[Scraped caption text data]
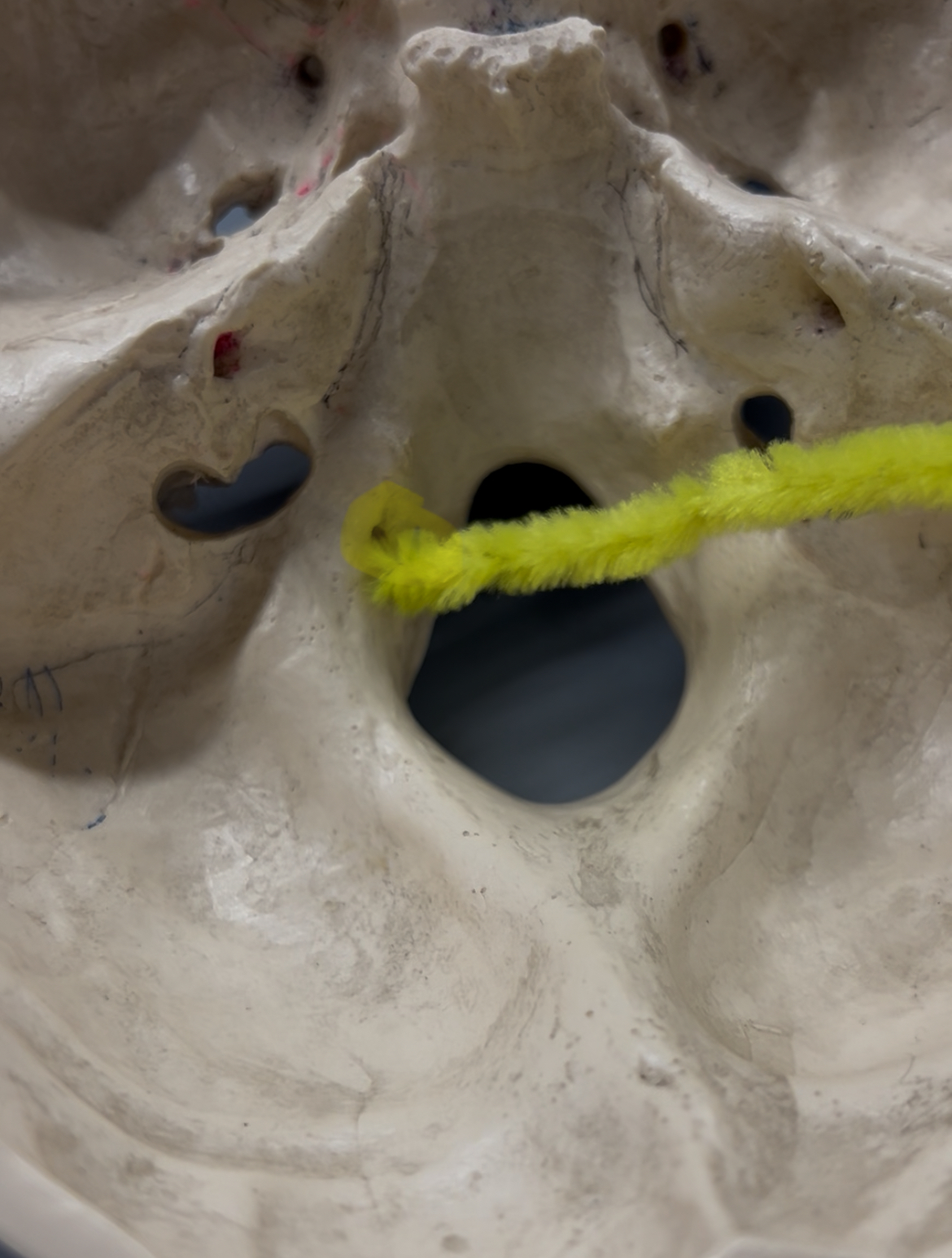 <p>What foramina is labeled by the yellow pipe? What bones are the located? Also, which if any cranial nerves pass through there?</p>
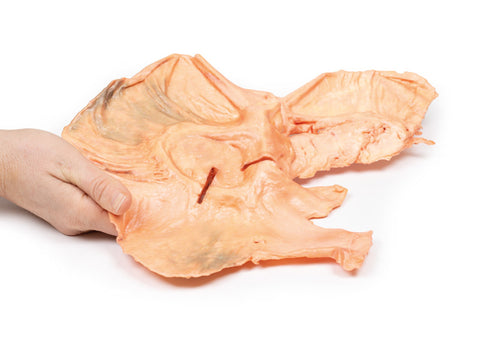 Adenocarcinom gastric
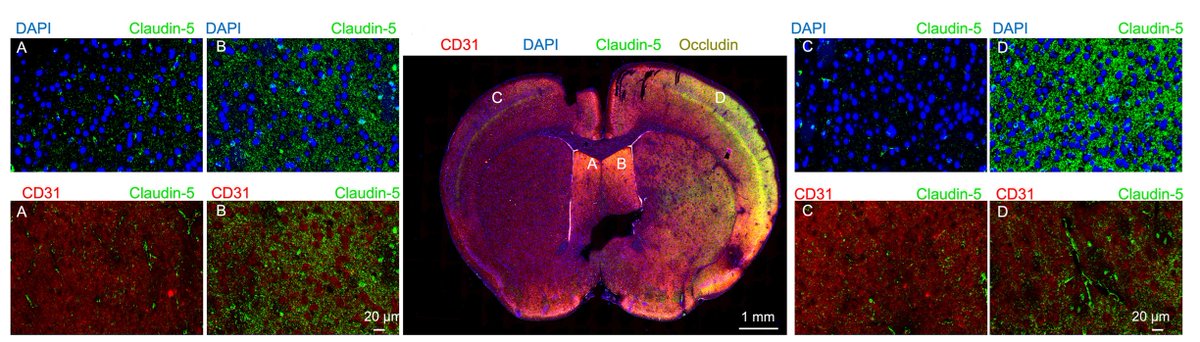 endothelialnews's tweet photo. Researchers found that isoflurane facilitates hemispheric lateralization in BBB permeability, leading to different responses between the left and right hemispheres. 🧠

📖 https://t.co/Nyt7PjF87b https://t.co/eyOZfLdKHw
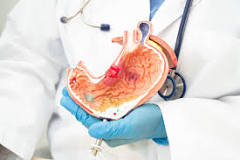 Balón gástrico: 5 ventajas y desventajas que debes conocer ...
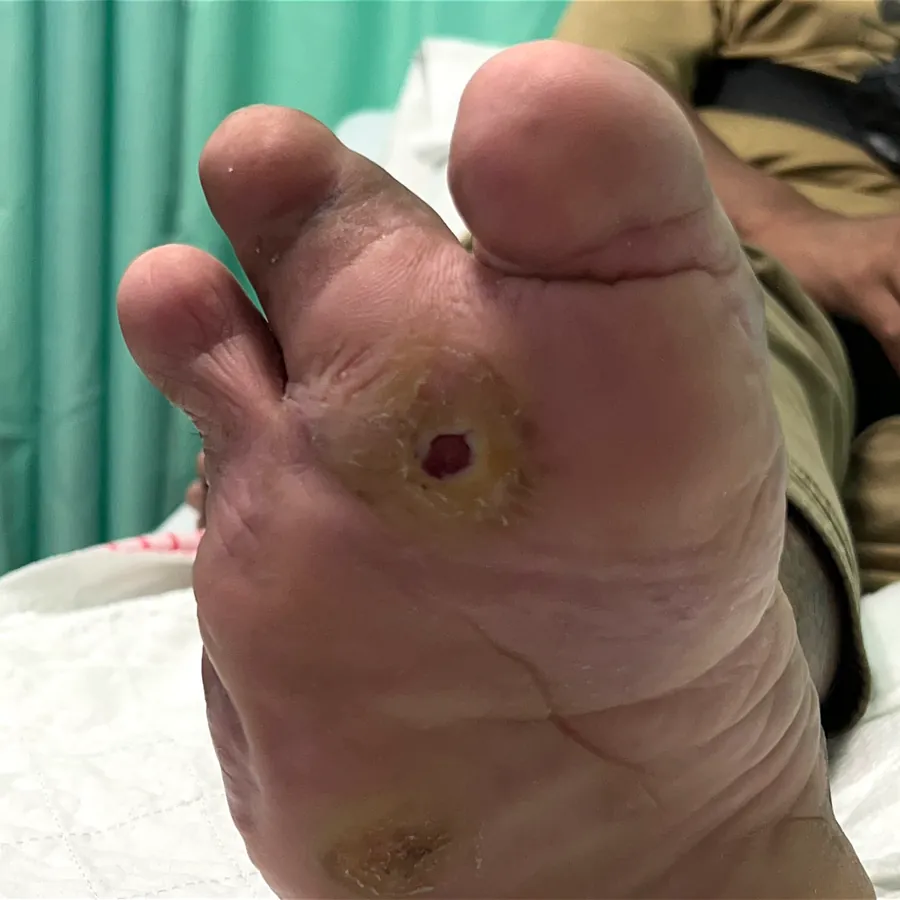 Clinical photograph of a diabetic plantar wound at visit 2, HKL-12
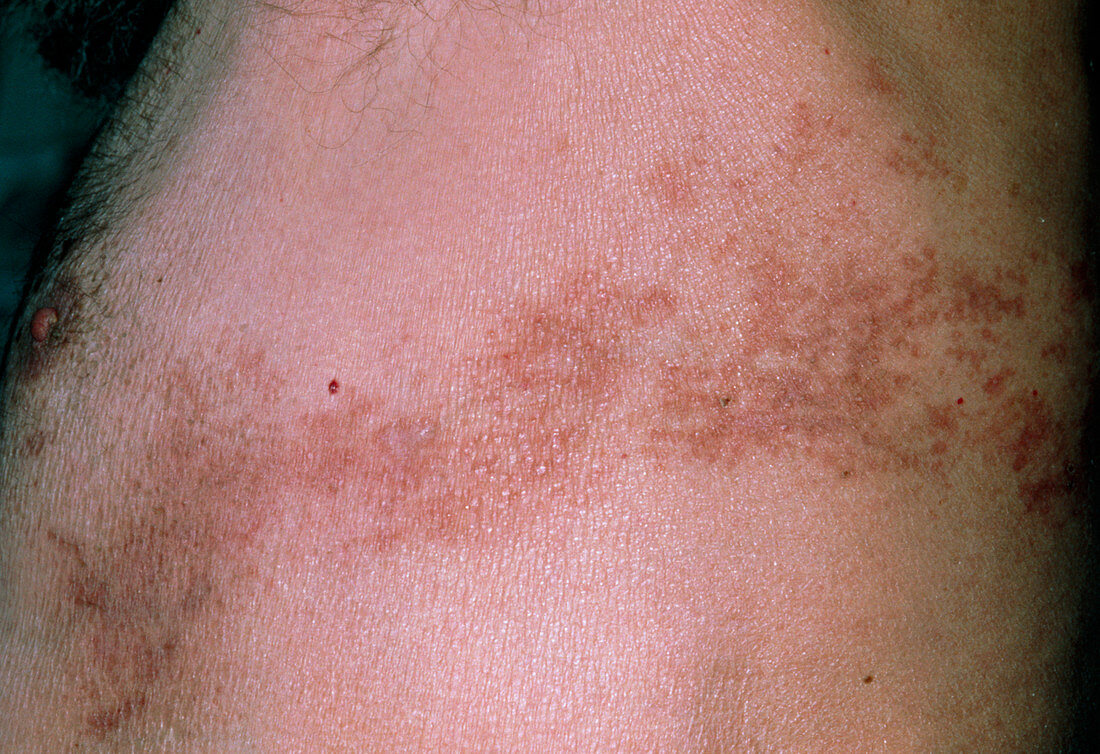 Pigmentation of skin under arm due to shingles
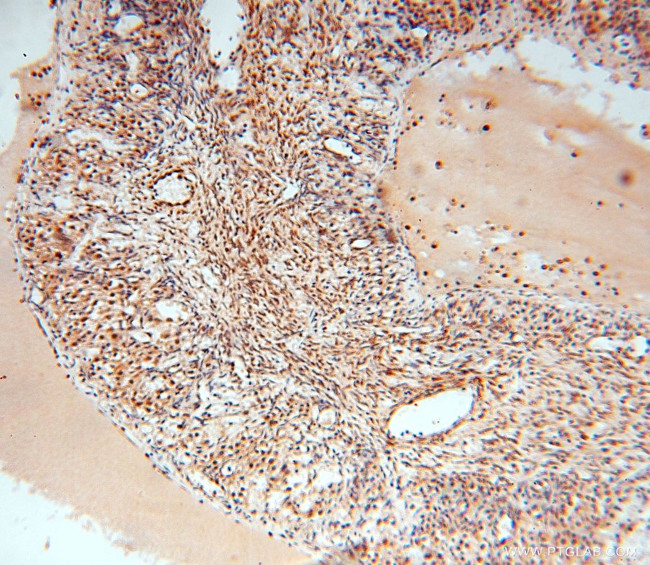 EXOSC10 Antibody in Immunohistochemistry (Paraffin) (IHC (P))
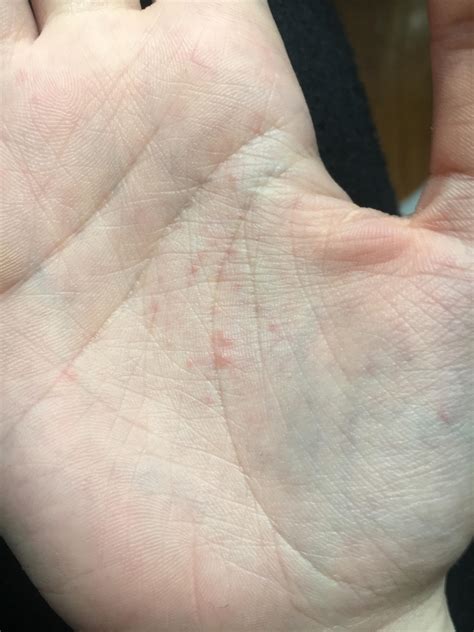 What Is On My Palms Eczema Theyre Red And Itchy And On Both Palms I Have Touched No Strange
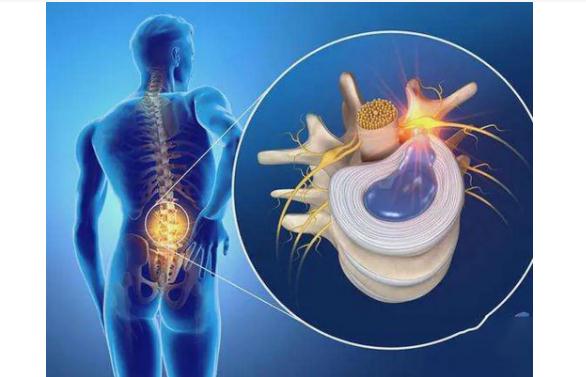 腰间盘突出的高发原因 腰间盘突出是什么原因引起的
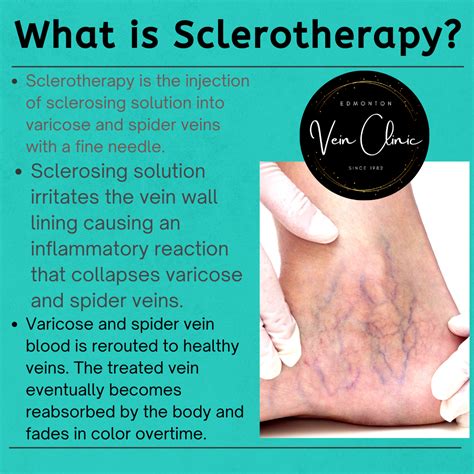 Sclerotherapy For Varicose And Spider Vein Treatment Edmonton Vein Clinic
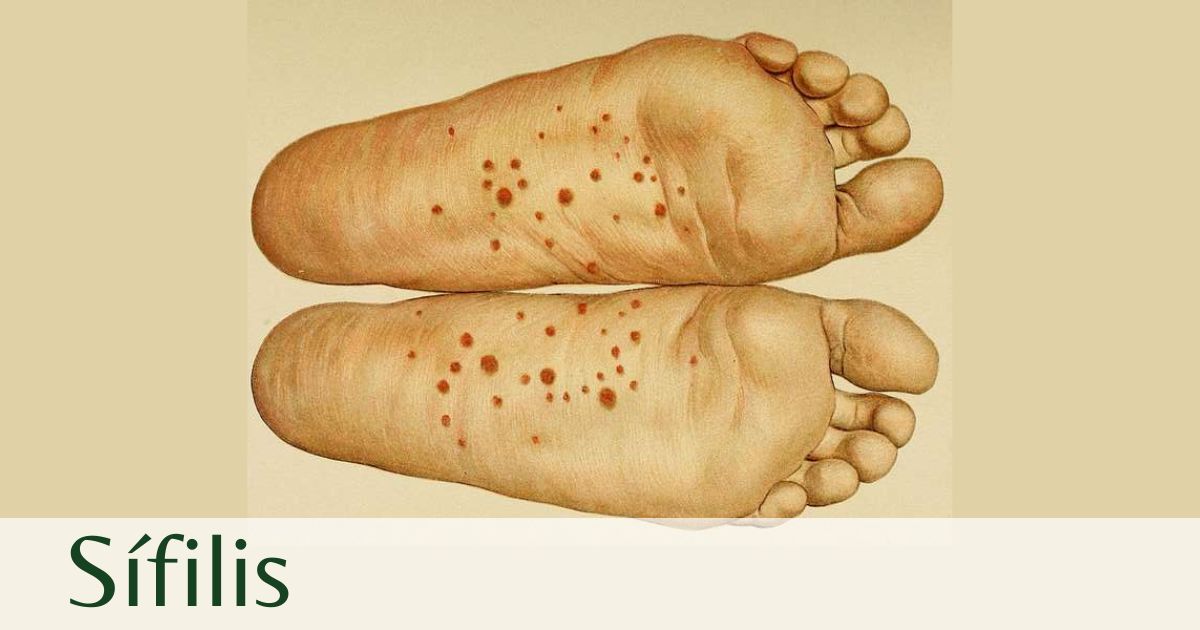 Sifilis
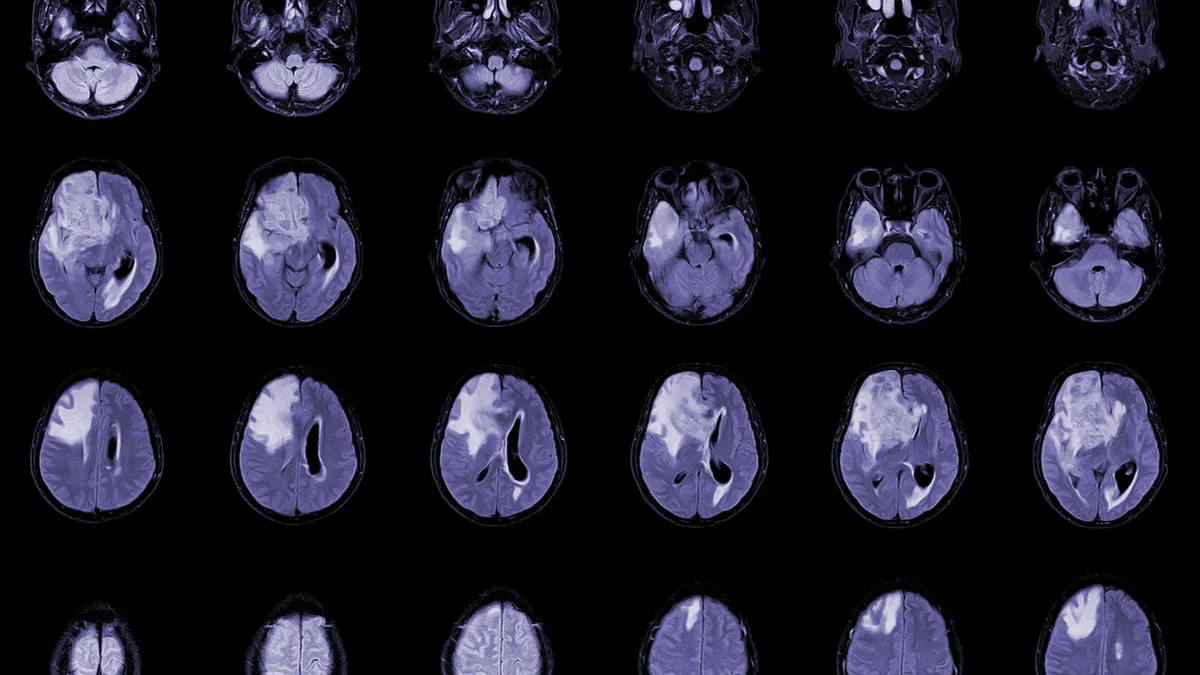 MRI Brain Axial Glioblastoma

**What you have to do**
An exact copy of every entry above is needed, minus the pictures.

**Reply**
 <p>What foramina is labeled by the yellow pipe? What bones are the located? Also, which if any cranial nerves pass through there?</p>
 Adenocarcinom gastric
 endothelialnews's tweet photo. Researchers found that isoflurane facilitates hemispheric lateralization in BBB permeability, leading to different responses between the left and right hemispheres. 🧠

📖 https://t.co/Nyt7PjF87b https://t.co/eyOZfLdKHw
 Balón gástrico: 5 ventajas y desventajas que debes conocer ...
 Clinical photograph of a diabetic plantar wound at visit 2, HKL-12
 Pigmentation of skin under arm due to shingles
 EXOSC10 Antibody in Immunohistochemistry (Paraffin) (IHC (P))
 What Is On My Palms Eczema Theyre Red And Itchy And On Both Palms I Have Touched No Strange
 腰间盘突出的高发原因 腰间盘突出是什么原因引起的
 Sclerotherapy For Varicose And Spider Vein Treatment Edmonton Vein Clinic
 Sifilis
 MRI Brain Axial Glioblastoma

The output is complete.